BHP shareholders are set for a windfall after the global miner agreed to sell its onshore US oil and gas assets for $US10.8 billion ($A14.6 billion).
Shares in the global miner hit a near-four-year high on Friday following announcement of the agreement to sell the US shale oil holdings to British petroleum giant BP and US group Merit Energy for more than analysts had expected.
BHP shares ended the day up 76 cents, or 2.3 per cent, at $34.40, having ranged as high as $34.56 during the session.

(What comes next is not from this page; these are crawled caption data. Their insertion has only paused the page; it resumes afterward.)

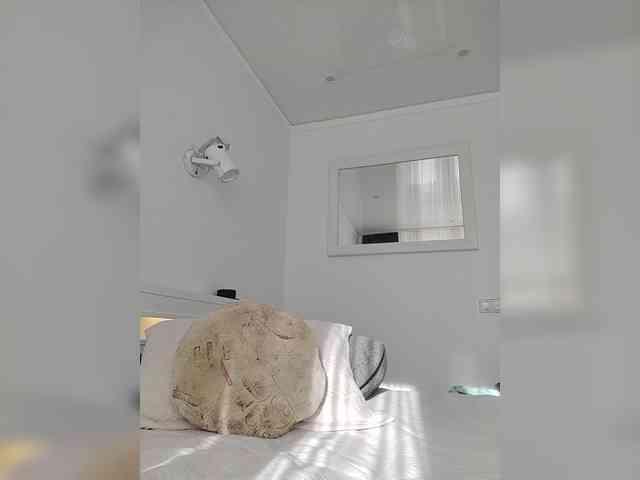 _a_n_a_s_t_a_s_i_a_ webcam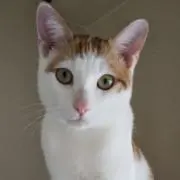 さだはるの画像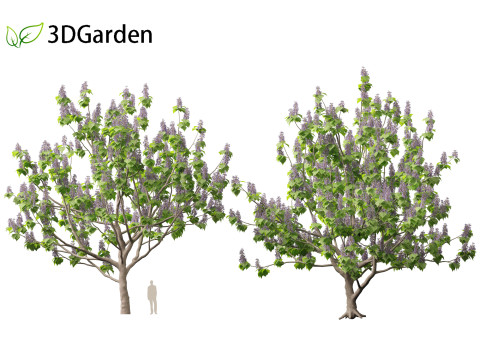 Paulownia tomentosa - Princess tree 3D Model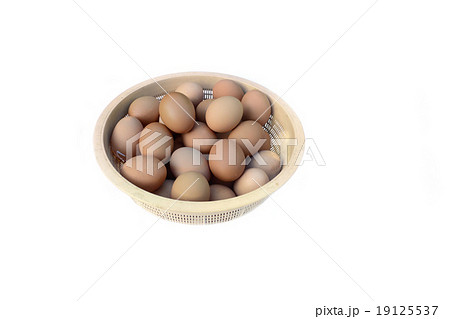 eggs on white background. eggs on white background. 19125537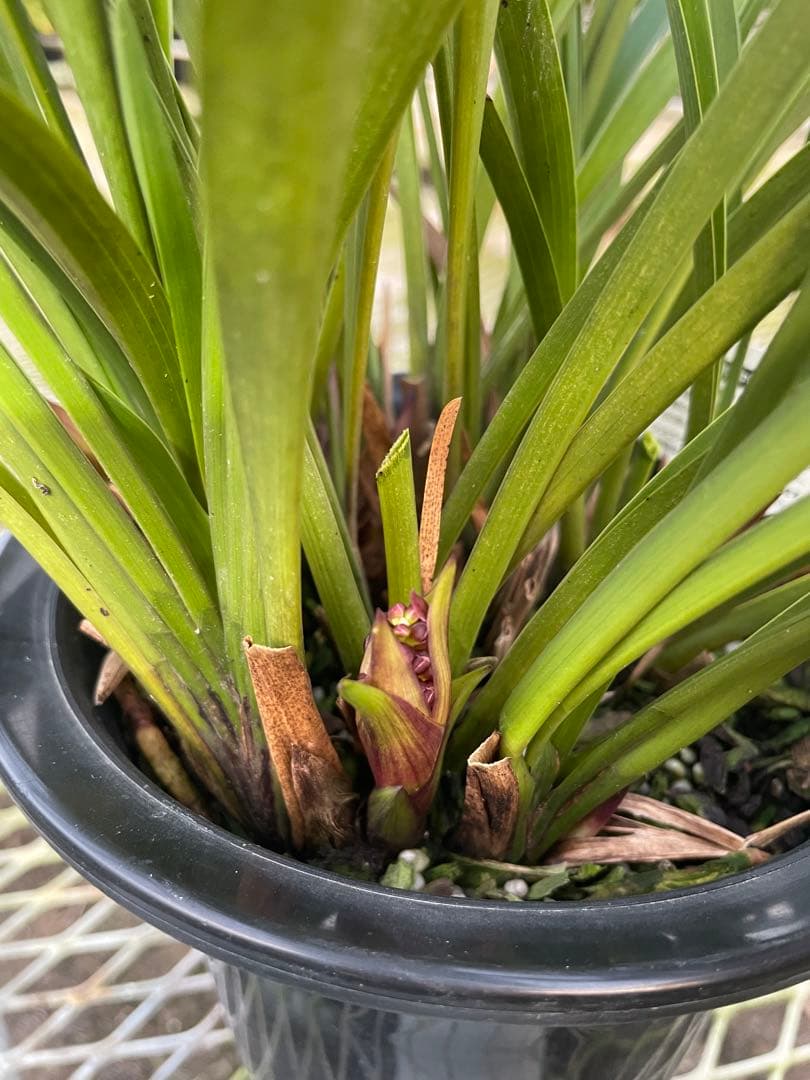 R8年キンリョウヘン花芽10本#1 R8年キンリョウヘン花芽10本#1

A subsidiary of oil major BP will pay $US10.5 billion in cash for BHP’s Petrohawk Energy Corporation, while a Merit Energy Company unit will buy BHP Billiton Petroleum (Arkansas) Inc and BHP Billiton Petroleum (Fayetteville) LLC for $US300 million.
Chief executive Andrew Mackenzie expects the proceeds from the deals will be returned to shareholders.
“With net debt currently toward the lower end of our target range of US$10 billion to US$15 billion … we expect to return the net proceeds from the transactions to shareholders,” he said in a statement on Friday.
“We will confirm how, and when, at the time of completion of the transactions.”
BHP expects to record a one-off post-tax charge of about $US2.8 billion in its full-year results on account of the deals.
Under previous boss Marius Kloppers, BHP invested heavily in the oil industry in the US, paying $US20.6 billion on two acquisitions in 2011.
The price of oil was then at a peak of around $US120 a barrel, before it plunged, hitting around $US30 in 2016.
The mining giant’s new chief Andrew Mackenzie wrote down the US shale assets by $US7.2 billion ($10.3 billion) in 2016 and announced BHP would exit the oil investments.
“Oil and gas markets have been significantly weaker than the industry expected,” Mr Mackenzie said in 2016.
Crude prices have sustained consistent gains over the past year to now be around $US70, allowing BHP to sell after the worst of the price slump has passed.